Believe it or not, I'm with you; I live somewhere where it's sunny all year round, so I get around with a motorcycle as my primary transportation year-round and evangelize them as the cheap alternative to people struggling with car-related payments. But no, my motorcycle isn't going to carry a 2x4. Someone who cares about supporting that, even if they only need to do so exceptionally rarely, is gonna buy a truck. And then they won't have the money to buy a motorcycle on the side.


Not sure why you’re being downvoted. I also don’t like oversized motor vehicles but I think the parable is sound;

If the effort of switching out when you need the last 1% is higher than whatever premium you will pay (compilation time/fuel cost) - especially as a small ongoing cost, people will likely choose it.

I’m not saying this as if its wisdom into the future, only in that we can observe it today with at least a handful of examples.


These are not even remotely equivalent scenarios. If I want to remove clap as a library, I just remove it. If I buy an F150 I now have spent a lot of money and it's mostly gone so replacing it is significantly more expensive. It also burns more fuel.

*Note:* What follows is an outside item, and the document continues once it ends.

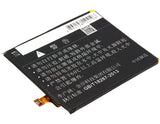 Battery for ZTE Axon 7 5.5' Li3931T44P8h756346 3.85V Li-Polymer 3100mAh / 11.94W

These decisions accumulate then all of a sudden you have a project that takes ten minutes to build for almost no benefit.

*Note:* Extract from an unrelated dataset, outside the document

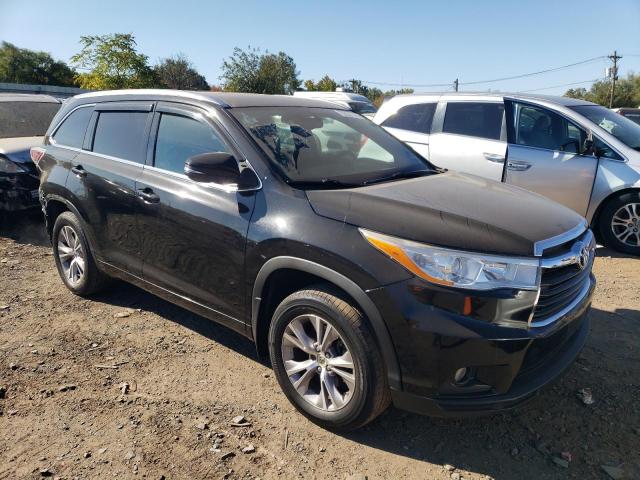 5TDJKRFH3FS142770 - 2015 TOYOTA HIGHLANDER XLE Qara foto 4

Maybe. If your build is too slow, fix it. But pre-emptively microoptimising your build time is as bad as pre-emptively microoptimising anything else. Set a build time budget and don't worry about it unless and until you see a risk of exceeding that budget.


This is an incredible exaggeration. The vast majority of these projects don't even approach it. I use clap in a number of projects and they compile in just seconds.


argh is not meant to be used with Cargo, it doesn't even have the capability to display the version.


Convenience always win. If we want smaller more purposefully built dependencies then we need better tooling that makes those choices convenient.


Clap has also great dev ux, so I wouldn't put maintainability as an expense.


I use clap everywhere for this, but I'm not sure that I agree that it has a "great" experience. It does the job and I've no need to reach for another tool. But it can be frustrating sometimes.